Technical Analysis of the financial markets using Elliott Wave, Gann, Fibonacci, cycles and momentum indicators. Posted information is for educational purposes only and not a recommendation to buy or sell any stock. This site is dedicated to the study of technical analysis.
Wednesday, 2 October 2013
A Bearish Turn in Gold
Just a quick note regarding gold. In my September 20th posting I said “…it is the level 3 chart which would trigger sells on all three levels. That is, a break of the FoxPulse3 Beta-X trendline would immediately make this index a 0% bullish allocation!” That has now happened. All five FoxPulse charts are now bearish on gold. Shown is the latest FoxPulse2 chart.
Tuesday, 1 October 2013
Two Levels Turn Bearish on Cash SP500
In my September 24th posting I said “The line in the sand at both this [FoxPulse1] and the FoxPulse2 level would be a break of the horizontal trend line (in cyan) at 1681.96.” That level was broken yesterday and so these two levels (the Short and Intermediate) are now both bearish. Therefore, the aggregate reading on the cash SP500 is now 50% bullish. The FoxPulse1 (chart shown) will again turn bullish with a move above 1703.85 (green horizontal trend line) while it would take new highs to turn FoxPulse2 back bullish.
Note: The blog will not be updated again until October 9th.
Monday, 30 September 2013
The Level 1 (Short Term View) on Ten Year Bond Yields
This posting concludes the series of posts on the ten year bond yield. The FoxPulse5 and FoxPulse4 were bullish but each showed that a downward moving (in terms of yields) pulse was underway. Both the FoxPulse3 (medium term view) and FoxPulse2 (Intermediate term) have recently turned bearish.
The FoxPulse1 (Short term view) chart is shown today with the analysis beginning on August 27th.
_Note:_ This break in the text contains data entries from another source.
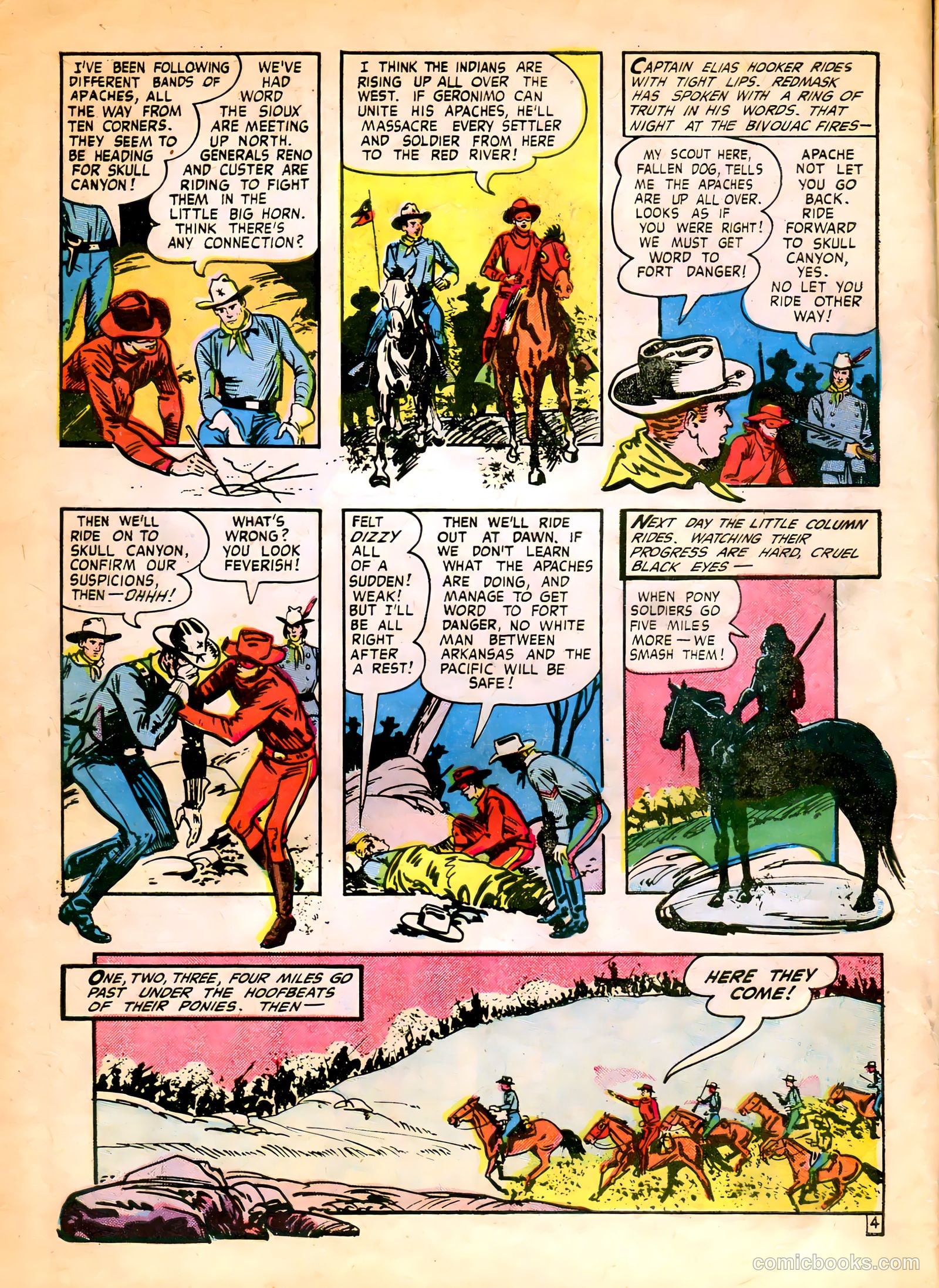Red Mask #46 (1955) — page 7 of 37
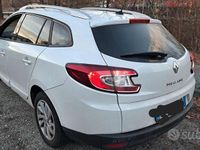 Usata Renault Mégane III 110 CV (80 kW) 2013 Bianco Station wagon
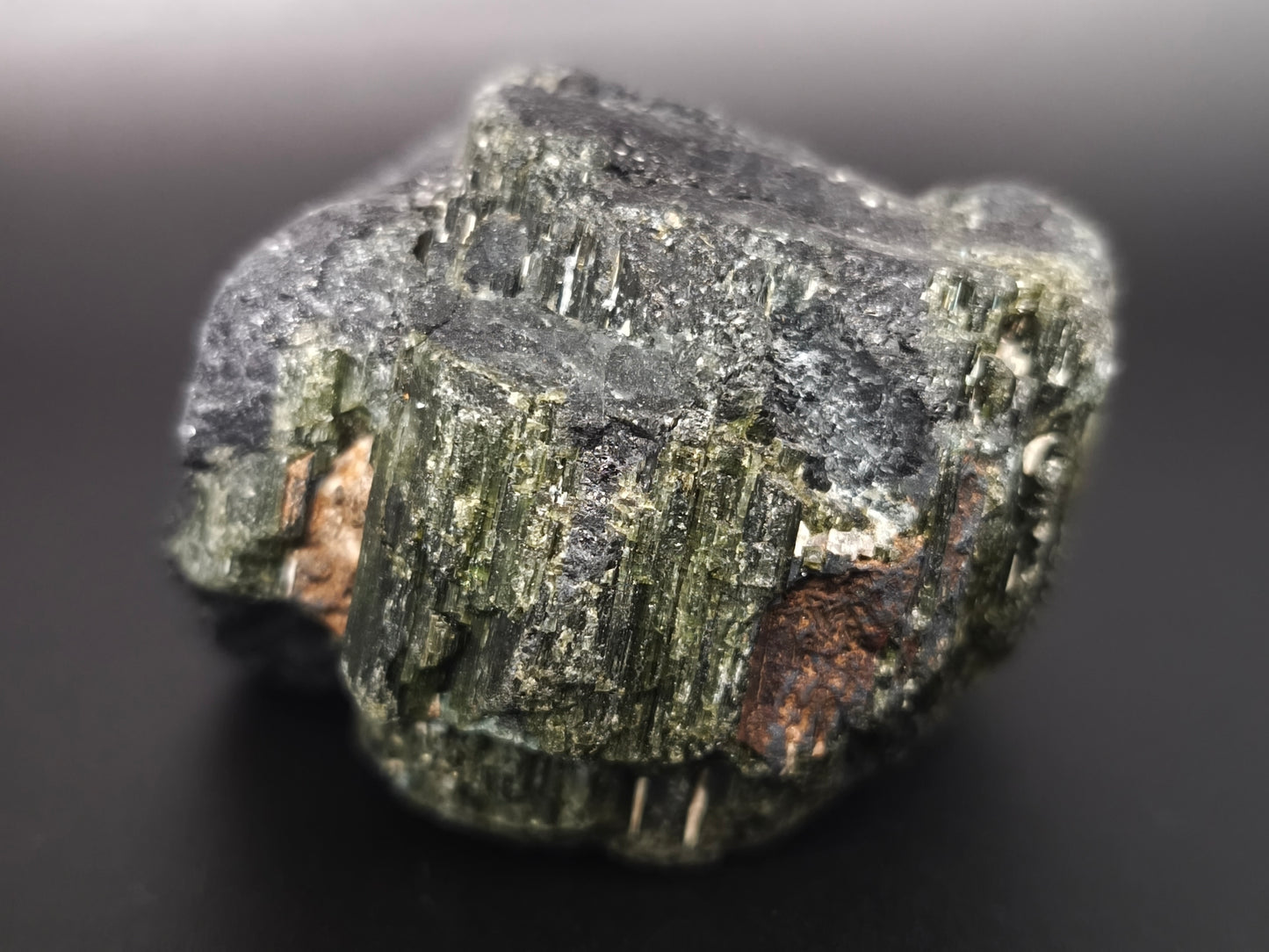 Tourmaline Brute Œil de Chat Grand Modèle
A bearish signal was generated when the Beta – X trendline was broken on September 11th. With the Y pulse not able to exceed the Delta peak we knew we had a new short term series underway from the September 5th high in yields.
It is clear that a bear trend is unfolding and that we are in the final pulse (Z) of the series that began at the September 5th high. That does not mean that the next series of pulses must break the down trend! At this point the chart will only turn bullish if; once the Z pulse completes, the Alpha pulse can break the Delta – Y trendline that is depicted in orange.
To recap, Levels 5 and 4 are bullish while levels 3, 2 and 1 are bearish on the ten year yield. Using the percentages presented September 19th, the aggregate reading on rising bond yields is only 15% bullish at this time.
Sunday, 29 September 2013
The Level 2 (Intermediate Term) View on Ten Year Bond Yields
Today continues the series of posts on the ten year bond yield. The first three charts in the series were the FoxPulse5, FoxPulse4 and FoxPulse3. The first two views (long and medium-long) were both bullish but each showed that a downward moving (in terms of yields) pulse was underway. The FoxPulse3 (medium term view) turned bearish on September 16th.
The FoxPulse2 (Intermediate term view) chart is shown today with the analysis beginning on July 3rd. It shows a complete trending series of pulses (Alpha – Beta –Delta – X – Y -Z) that ended on August 27th and brought higher yields. A new series then started on that date. After the FoxPulse3 turned bearish on September 16th, it was a bearish signal on the FoxPulse2 when the Alpha Pulse base (August 27th low at 27.07) was broken. This occurred on September 18th.
Confirmation that we are now in a bear market at this level (FoxPulse2; Intermediate view) is shown by the RSI. It has now broken below the support zone reserved for bull markets.
The price pulse model says that this chart will remain bearish unless the next upward pulse (Delta) breaks the current Alpha peak (29.84).
I will look at the FoxPulse1 chart next. To recap, Levels 5 and 4 are bullish while levels 3 and 2 are bearish on the ten year yield.